Correspondence to Sheng Chen.

Additional information

Jian Ma received his B. Sc. and M. Sc. degrees in computer science from Hangzhou Dianzi University, Hangzhou, PRC in 2000 and 2003, respectively, and his Ph.D. degree in computer science and technology from Tsinghua University, Beijing, PRC in 2009. He is currently a post-doctoral researcher with the Department of Automation, Tsinghua University.

His research interests include machine learning, data analysis, and information theory.

Zeng-Qi Sun received his B. Sc. degree from the Department of Automatic Control, Tsinghua University, Beijing, PRC in 1966, and his Ph.D. degree in control engineering from Chalmers University of Technology, Gothenburg, Sweden in 1981. He is currently a full professor in the Department of Computer Science and Technology, Tsinghua University. He is the author and coauthor of over 200 research papers and eight books on computer control theory, intelligent control, and robotics.

His research interests include intelligent control, robotics, fuzzy systems, neural networks, and evolution computing.
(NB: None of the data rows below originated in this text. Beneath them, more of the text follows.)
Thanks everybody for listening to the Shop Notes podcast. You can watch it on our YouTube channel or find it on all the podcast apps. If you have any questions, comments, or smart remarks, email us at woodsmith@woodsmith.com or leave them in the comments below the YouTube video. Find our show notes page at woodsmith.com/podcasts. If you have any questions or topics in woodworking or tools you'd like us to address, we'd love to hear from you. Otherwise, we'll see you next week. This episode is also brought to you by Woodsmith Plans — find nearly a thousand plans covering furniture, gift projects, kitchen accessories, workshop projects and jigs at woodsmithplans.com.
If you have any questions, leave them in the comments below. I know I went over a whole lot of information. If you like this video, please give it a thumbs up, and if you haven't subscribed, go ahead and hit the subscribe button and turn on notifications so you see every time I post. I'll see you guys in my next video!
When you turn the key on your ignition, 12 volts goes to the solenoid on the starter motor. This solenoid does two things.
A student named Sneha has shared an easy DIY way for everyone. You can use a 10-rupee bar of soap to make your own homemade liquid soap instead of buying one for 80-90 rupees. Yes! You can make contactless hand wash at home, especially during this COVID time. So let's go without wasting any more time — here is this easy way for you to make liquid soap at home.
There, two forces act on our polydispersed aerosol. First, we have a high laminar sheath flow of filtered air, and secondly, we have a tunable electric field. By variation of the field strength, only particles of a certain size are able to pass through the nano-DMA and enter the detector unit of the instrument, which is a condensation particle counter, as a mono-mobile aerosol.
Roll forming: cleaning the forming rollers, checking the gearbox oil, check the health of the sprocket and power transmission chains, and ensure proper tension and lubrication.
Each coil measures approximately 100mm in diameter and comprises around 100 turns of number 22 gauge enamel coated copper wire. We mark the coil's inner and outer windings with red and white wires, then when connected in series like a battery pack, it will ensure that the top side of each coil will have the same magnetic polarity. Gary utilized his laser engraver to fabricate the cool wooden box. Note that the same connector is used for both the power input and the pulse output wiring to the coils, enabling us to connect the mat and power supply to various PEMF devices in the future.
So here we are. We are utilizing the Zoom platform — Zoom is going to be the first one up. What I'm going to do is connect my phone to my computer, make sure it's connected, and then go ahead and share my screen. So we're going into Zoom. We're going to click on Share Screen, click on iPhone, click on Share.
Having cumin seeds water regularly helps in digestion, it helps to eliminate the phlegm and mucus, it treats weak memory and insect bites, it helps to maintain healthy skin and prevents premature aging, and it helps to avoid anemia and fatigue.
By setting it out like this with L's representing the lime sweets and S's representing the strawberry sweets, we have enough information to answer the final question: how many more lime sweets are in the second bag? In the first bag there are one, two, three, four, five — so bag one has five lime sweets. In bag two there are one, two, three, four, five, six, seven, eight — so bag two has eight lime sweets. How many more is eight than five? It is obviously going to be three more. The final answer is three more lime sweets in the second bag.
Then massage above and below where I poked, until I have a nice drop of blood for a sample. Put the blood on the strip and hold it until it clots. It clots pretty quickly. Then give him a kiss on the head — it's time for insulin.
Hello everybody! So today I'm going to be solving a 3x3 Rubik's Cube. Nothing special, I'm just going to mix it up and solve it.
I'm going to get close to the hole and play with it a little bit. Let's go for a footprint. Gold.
Sheng Chen received his B. Eng. degree from Huadong Petroleum Institute, Dongying, PRC in January 1982, and his Ph.D. degree from the City University, London, UK in September 1986, both in control engineering. He was awarded the Doctor of Sciences (D. Sc.) degree by the University of Southampton, Southampton, UK in 2004. From October 1986 to August 1999, he held research and academic appointments at the University of Sheffield, the University of Edinburgh and the University of Portsmouth, all in UK. Since September 1999, he has been with the Electronics and Computer Science, the University of Southampton, UK, where he currently holds the post of professor of intelligent systems and signal processing. He is a Distinguished Adjunct Professor at King Abdulaziz University, Jeddah, Saudi Arabia. He has published over 450 research papers. He is a Chartered Engineer (CEng), a fellow of IET and a fellow of IEEE. In the database of the world’s most highly cited researchers, compiled by Institute for Scientific Information (ISI) of the USA, he is on the list of the highly cited researchers in the engineering category.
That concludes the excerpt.